We conducted a multicenter, single-arm, open-label, phase 3, and postmarketing clinical study of elapegademase for patients with ADA deficiency. The following biochemical markers were monitored to determine an appropriate dose of elapegademase: the trough deoxyadenosine nucleotide (dAXP) level ≤0.02 μmol/mL in erythrocytes or whole blood and the trough serum ADA activity ≥1100 U/L (equivalent to plasma levels ≥15 μmol/h/mL) indicated sufficient enzyme activity and detoxification as efficacy endpoints and monitored adverse events during the study as safety endpoints.

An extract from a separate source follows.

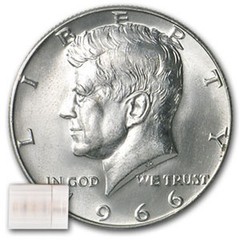 Roll of 20 – 1965-1969 Kennedy Half Dollars 40% Silver $10 Face – 2.958 oz ASW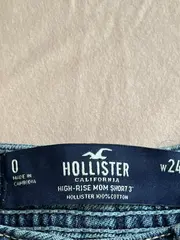 Vorschaubild 8 von Damen Jeans-Shorts W24 High-Rise Mom Short Blau Distressed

A total of four patients (aged 0-25 years) were enrolled. One infant patient died of pneumonia caused by cytomegalovirus infection whereas the other three completed the study and have been observed in the study period over 3 years. The infant patient had received elapegademase at 0.4 mg/kg/week until decease and the others received elapegademase at maximum doses of 0.3 mg/kg/week for 164-169 weeks. As a result, all four patients achieved undetectable levels of dAXPs together with sufficient enzyme activity, increased T and B cell numbers, and slightly elevated and maintained IgM and IgA immunoglobulin levels. Serious adverse events occurred in three patients, all of which were assessed as unrelated to elapegademase.
This study showed that elapegademase had comparable safety and efficacy to pegademase as ERT for ADA deficiency by demonstrating stable maintenance of sufficient ADA activity and lowering dAXP to undetectable levels, while no drug-related adverse events were reported (Trial registration: JapicCTI-163204).
方法:我们进行了多中心,单臂,开放标签,3期,以及ADA缺乏症患者elapegademase的上市后临床研究。监测以下生化标志物以确定适当剂量的elapegademase:红细胞或全血中的脱氧腺苷核苷酸(dAXP)谷水平≤0.02μmol/mL,血清ADA活性谷≥1100U/L(相当于血浆水平≥15μmol/h/mL)表明足够的酶活性和解毒作用作为终点,并在研究期间监测不良事件作为安全性终点。
结果:共纳入4例患者(0-25岁)。一名婴儿患者死于巨细胞病毒感染引起的肺炎,而其他三人完成了研究,并在研究期间观察到超过3年。婴儿患者以0.4mg/kg/周的剂量接受了elapegademase,直到死亡,其他人则以0.3mg/kg/周的最大剂量接受了elapegemase,持续164-169周。因此,所有四名患者都达到了检测不到的dAXPs水平以及足够的酶活性,T细胞和B细胞数量增加,略有升高并维持IgM和IgA免疫球蛋白水平。3例患者发生严重不良事件,所有这些都被评估为与elapegademase无关。
结论:这项研究表明,通过证明稳定维持足够的ADA活性并将dAXP降低至无法检测的水平,elapegademase与pegademase相比,对ADA缺乏症具有与ERT相当的安全性和有效性。而未报告药物相关的不良事件(试验注册:JapicCTI-163204)。